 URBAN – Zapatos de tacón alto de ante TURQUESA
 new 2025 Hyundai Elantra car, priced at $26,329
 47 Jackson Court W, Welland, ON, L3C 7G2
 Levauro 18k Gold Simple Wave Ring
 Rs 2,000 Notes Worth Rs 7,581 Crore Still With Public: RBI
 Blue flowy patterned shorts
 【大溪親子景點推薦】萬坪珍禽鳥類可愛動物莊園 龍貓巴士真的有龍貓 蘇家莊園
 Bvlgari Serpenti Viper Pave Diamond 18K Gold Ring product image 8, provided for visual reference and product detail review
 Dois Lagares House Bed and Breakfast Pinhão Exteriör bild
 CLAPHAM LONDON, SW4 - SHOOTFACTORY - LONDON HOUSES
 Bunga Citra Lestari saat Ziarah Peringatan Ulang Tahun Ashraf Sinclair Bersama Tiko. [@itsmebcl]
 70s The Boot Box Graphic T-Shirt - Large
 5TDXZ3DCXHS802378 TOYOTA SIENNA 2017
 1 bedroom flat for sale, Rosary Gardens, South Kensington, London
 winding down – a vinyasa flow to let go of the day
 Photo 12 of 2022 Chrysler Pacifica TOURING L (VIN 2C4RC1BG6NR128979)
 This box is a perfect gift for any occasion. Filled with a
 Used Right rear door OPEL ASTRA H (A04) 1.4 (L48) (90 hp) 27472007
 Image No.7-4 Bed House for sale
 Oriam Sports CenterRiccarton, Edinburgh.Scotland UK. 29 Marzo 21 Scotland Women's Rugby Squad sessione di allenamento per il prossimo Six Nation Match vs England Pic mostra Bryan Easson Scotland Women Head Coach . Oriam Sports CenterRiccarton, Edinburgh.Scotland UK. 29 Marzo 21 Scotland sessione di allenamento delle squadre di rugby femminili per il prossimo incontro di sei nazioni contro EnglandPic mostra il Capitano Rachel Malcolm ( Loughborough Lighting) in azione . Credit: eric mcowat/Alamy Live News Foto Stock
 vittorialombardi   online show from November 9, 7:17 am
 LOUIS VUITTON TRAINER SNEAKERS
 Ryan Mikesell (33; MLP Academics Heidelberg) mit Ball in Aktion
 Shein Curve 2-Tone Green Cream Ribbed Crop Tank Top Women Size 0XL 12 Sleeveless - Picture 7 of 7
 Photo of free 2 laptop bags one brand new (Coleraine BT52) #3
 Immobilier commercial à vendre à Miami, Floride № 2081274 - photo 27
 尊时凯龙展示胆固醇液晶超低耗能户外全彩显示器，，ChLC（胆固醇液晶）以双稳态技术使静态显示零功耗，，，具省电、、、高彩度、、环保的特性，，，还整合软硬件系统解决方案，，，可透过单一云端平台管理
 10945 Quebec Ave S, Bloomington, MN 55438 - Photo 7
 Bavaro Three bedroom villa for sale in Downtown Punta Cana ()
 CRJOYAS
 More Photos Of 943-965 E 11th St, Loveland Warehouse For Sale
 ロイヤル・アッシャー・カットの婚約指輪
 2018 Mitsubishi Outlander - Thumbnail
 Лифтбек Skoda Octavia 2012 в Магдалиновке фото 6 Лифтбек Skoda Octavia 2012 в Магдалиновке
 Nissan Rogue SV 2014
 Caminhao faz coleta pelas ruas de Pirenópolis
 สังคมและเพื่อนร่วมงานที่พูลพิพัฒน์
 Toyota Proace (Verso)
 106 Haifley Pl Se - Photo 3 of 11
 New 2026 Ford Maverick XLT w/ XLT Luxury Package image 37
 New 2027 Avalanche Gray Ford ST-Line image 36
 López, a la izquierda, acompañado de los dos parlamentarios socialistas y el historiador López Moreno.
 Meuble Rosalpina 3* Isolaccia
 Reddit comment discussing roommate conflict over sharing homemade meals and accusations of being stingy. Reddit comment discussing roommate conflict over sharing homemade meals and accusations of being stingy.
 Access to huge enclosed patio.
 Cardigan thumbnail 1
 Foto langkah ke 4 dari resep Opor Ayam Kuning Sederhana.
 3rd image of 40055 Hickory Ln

■ ■ ■

PROBLEM STATEMENT:
Count each line above in which the string "Ford" appears, then state only the total.

REPLY TO THE EXERCISE:
2